The immune environment surrounding the brain plays a fundamental role in monitoring signs of injury. Insults, including ischemic stroke, can disrupt this balance and incite an exaggerated inflammatory response, yet the underlying mechanism remains unclear. Here, we show that the mast-cell-specific receptor Mrgprb2 regulates post-stroke brain inflammation from the meninges. Mrgprb2 causes meningeal mast cell degranulation after stroke, releasing immune mediators. This process recruits skull bone marrow neutrophils into the dura and further promotes neutrophil migration from the dura into the brain by cleaving the chemorepellent semaphorin 3a. We demonstrate that the human ortholog, MRGPRX2, is expressed in human meningeal mast cells and is activated by upregulation of the neuropeptide substance P following stroke. Pharmacologically inhibiting Mrgprb2 reduces post-stroke inflammation and improves neurological outcomes in mice, providing a druggable target. Collectively, our study identifies Mrgprb2 as a critical meningeal gatekeeper for immune migration from skull bone marrow reservoirs into the brain.

Abstract Image

查看原文本刊更多论文

肥大细胞受体通过硬脑膜轴介导中风后脑炎症

大脑周围的免疫环境在监测损伤迹象方面起着重要作用。包括缺血性中风在内的损伤可破坏这种平衡并引发夸张的炎症反应，但其潜在机制尚不清楚。在这里，我们发现肥大细胞特异性受体Mrgprb2调节脑卒中后脑膜的脑炎症。Mrgprb2引起脑卒中后脑膜肥大细胞脱颗粒，释放免疫介质。这一过程将颅骨骨髓中性粒细胞招募到硬脑膜，并通过切断化学排斥信号蛋白3a进一步促进中性粒细胞从硬脑膜向大脑的迁移。我们证明，人类同源基因MRGPRX2在人脑膜肥大细胞中表达，并通过中风后神经肽物质P的上调而激活。
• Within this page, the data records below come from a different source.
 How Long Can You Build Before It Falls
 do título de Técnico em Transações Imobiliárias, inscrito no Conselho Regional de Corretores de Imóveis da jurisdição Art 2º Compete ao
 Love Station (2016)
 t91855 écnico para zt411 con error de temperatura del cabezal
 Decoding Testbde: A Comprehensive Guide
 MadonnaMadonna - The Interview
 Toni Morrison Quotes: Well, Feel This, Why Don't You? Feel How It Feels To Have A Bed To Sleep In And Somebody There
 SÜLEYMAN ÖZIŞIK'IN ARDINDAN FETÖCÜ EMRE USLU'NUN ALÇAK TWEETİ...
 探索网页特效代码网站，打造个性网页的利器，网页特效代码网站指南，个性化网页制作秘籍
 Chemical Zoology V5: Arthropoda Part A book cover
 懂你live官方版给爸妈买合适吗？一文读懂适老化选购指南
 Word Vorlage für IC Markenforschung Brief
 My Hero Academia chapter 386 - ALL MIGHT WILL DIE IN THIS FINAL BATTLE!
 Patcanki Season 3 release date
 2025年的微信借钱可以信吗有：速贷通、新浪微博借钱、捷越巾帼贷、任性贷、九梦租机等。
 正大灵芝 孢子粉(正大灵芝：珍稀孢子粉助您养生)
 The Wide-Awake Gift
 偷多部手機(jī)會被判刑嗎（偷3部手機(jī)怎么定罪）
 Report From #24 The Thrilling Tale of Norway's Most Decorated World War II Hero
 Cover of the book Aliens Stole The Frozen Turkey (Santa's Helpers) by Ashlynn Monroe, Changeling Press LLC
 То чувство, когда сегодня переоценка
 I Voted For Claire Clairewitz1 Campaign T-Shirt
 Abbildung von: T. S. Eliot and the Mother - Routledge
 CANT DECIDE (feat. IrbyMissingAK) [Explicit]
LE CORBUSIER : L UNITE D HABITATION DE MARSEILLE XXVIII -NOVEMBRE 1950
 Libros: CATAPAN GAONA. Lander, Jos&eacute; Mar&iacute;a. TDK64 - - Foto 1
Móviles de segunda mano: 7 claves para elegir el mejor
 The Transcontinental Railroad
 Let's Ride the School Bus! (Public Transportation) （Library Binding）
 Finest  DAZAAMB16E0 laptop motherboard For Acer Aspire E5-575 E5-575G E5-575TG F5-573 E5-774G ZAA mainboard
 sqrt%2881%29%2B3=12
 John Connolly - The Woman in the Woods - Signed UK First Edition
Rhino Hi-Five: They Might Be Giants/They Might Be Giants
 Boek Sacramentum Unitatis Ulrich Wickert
药理学抑制Mrgprb2可减少脑卒中后炎症，改善小鼠神经预后，提供可药物靶点。总的来说，我们的研究确定Mrgprb2是免疫从颅骨骨髓库迁移到大脑的关键脑膜守门人。

本文章由计算机程序翻译，如有差异，请以英文原文为准。

求助全文

约1分钟内获得全文求助全文

来源期刊

Cell 生物-生化与分子生物学

CiteScore

110.00

自引率

0.80%

发文量

396

审稿时长

2 months

期刊介绍： Cells is an international, peer-reviewed, open access journal that focuses on cell biology, molecular biology, and biophysics. It is affiliated with several societies, including the Spanish Society for Biochemistry and Molecular Biology (SEBBM), Nordic Autophagy Society (NAS), Spanish Society of Hematology and Hemotherapy (SEHH), and Society for Regenerative Medicine (Russian Federation) (RPO). The journal publishes research findings of significant importance in various areas of experimental biology, such as cell biology, molecular biology, neuroscience, immunology, virology, microbiology, cancer, human genetics, systems biology, signaling, and disease mechanisms and therapeutics. The primary criterion for considering papers is whether the results contribute to significant conceptual advances or raise thought-provoking questions and hypotheses related to interesting and important biological inquiries. In addition to primary research articles presented in four formats, Cells also features review and opinion articles in its "leading edge" section, discussing recent research advancements and topics of interest to its wide readership.